We discussed our eating habits and I offered some insight on carb, protein, and fat intake and metabolism.  Because I didn’t have enough people sign up, I opted out of purchasing a foam roller, but still discussed its benefits.

Christina working on some explosive reaction with Jibril

Christina working on some explosive reaction with Jibril

 

Resistance Training for Speed

Third, we talked about resistance training (strength training) for speed, particularly how it can be used to:

  • improve strength for force production
  • improve the speed at which muscle fibers contract (this has a lot to do with the nervous system and how it makes your muscles contract faster)
  • decrease the risk of injury

To start I talked about the types of muscle fibers, how muscles work, and how the nervous system controls the muscular system.  I’ll spare you all of the details for another article.

Given that this was outside, we used a kettlebell.  Hip extension, the act of bringing the hips from a hinge position (poke your butt back like you were sitting back) to a straight upright position (now do a forward hip thrust and squeeze) is the most powerful movement in sport.  It’s the basis of jumping and sprinting.  We can train the ability to do this.  We trained for more explosive hips and to activate more muscle fibers through:

  • kettlebell swings
  • many types of lunges with the kettlebell
  • single and double leg squats

Discussed after were various uses of barbells and resistance bands stressing the movement quality of having powerful hips.

Next we talked about plyometrics.  Plyometric training is used to train the motor units to apply large amounts of force as quickly as possible.  We worked on:

  • ankle hops (also great for ankle strength: reducing sprains, the time it takes to bounce back, and for rehab)
  • in place jumps such as tuck jumps and lunge jumps
  • moving jumps such as single leg jumps and sprint bounds

We also did various explosive lunge movements using the kettlebell. Watch the video, it’s hard to explain.

IMG_2062

Lastly we discussed resistance training to reduce injury risk.  Having strong muscles increases the stability of joints (strong quads help the knee joint) and decreases the likelihood of overcompensating for a weaker muscles (weak glutes cause the hamstrings to worker hard).  Many of the above listed exercises help improve strength for a decreased injury risk.

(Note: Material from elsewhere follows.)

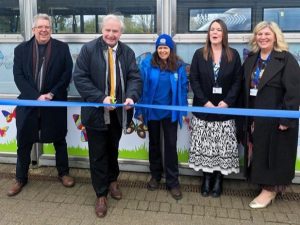 A person cuts a ribbon while others look on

Speed Training Programming

Lastly, we discussed planning a training program.  Some points about rest and recovery were reiterated.  We also went over his training program and adjustments that could be made to make it more effective.

 

What Went Not so Well

Well marketing this was rough.  I was in Texas at a very intense part of the semester when I created all the curriculum.  I did a bit of social media promotion in which I got a lot of clicks and views on Facebook but I had barely any response on Instagram.  My main PR efforts came from emailing coaches.  I had sent over 18 emails to over 25 different coaches.  The best part of it was, not one emailed me back.  Not one.  I’m not too sure why.  Well in the end, I had a whopping, 1 kid.  So yeah I clearly didn’t get close to half my rent paid haha.  A coach who was going to help me out mentioned how May isn’t the best time of the year to put on events like this.  Sport seasons are ending and school is approaching finals.

What Went Well (so I think)

First of all, I’m happy I followed through fully with the idea.  I occurred to me, I asked a couple people for their opinions and then just got to work.  In working with the athlete I realized my eye for detail for precise movement was better than say a year ago.  Most importantly, I feel I explained a lot and did it well.  It was a good experience for the first time, it helped my confidence in being able to explain various concepts to an 18 year old.

 

Many tweaks need to be made in the marketing department for the next time I do this.  The athlete said he learned a fairly large amount of information about how to train his body for performance so I’m generally satisfied.  What are your thoughts?  Any recommendations?  Thanks for the support!